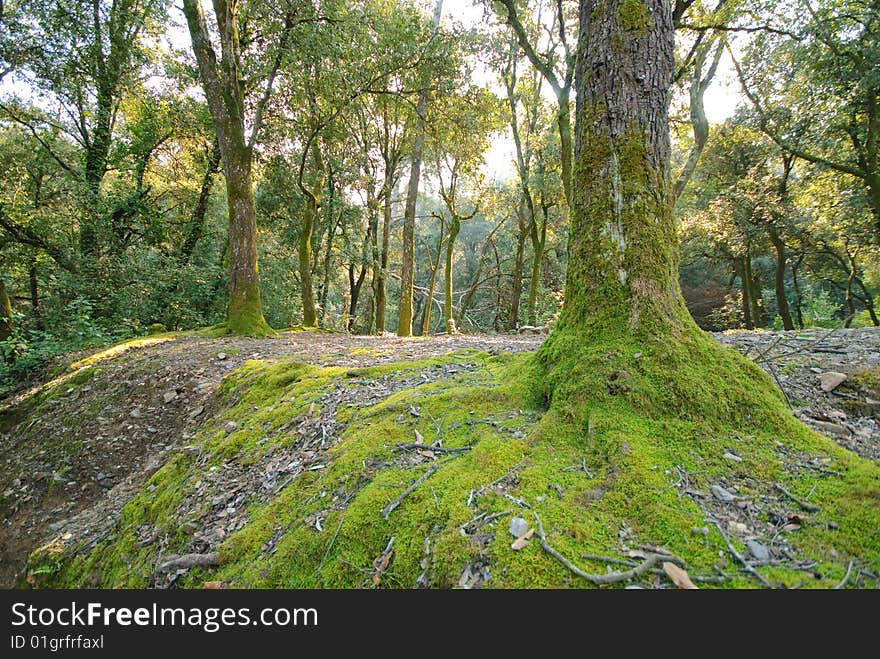 Forest landscape with trees covered with moss. Forest landscape with trees covered with moss.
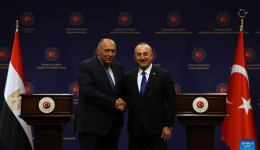 Türkiye, Egypt to work closely on issues of Syria, Libya: Turkish FM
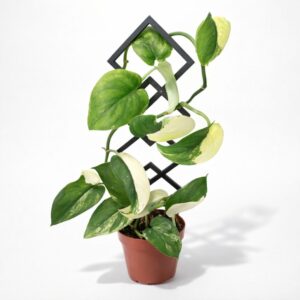 Jade Satin + podpora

Task objective
Only the lines from the one containing "Türkiye, Egypt to" through the end of the listing should be output, word for word and inclusive; keep pictures out.

The answer
 Türkiye, Egypt to work closely on issues of Syria, Libya: Turkish FM
 Jade Satin + podpora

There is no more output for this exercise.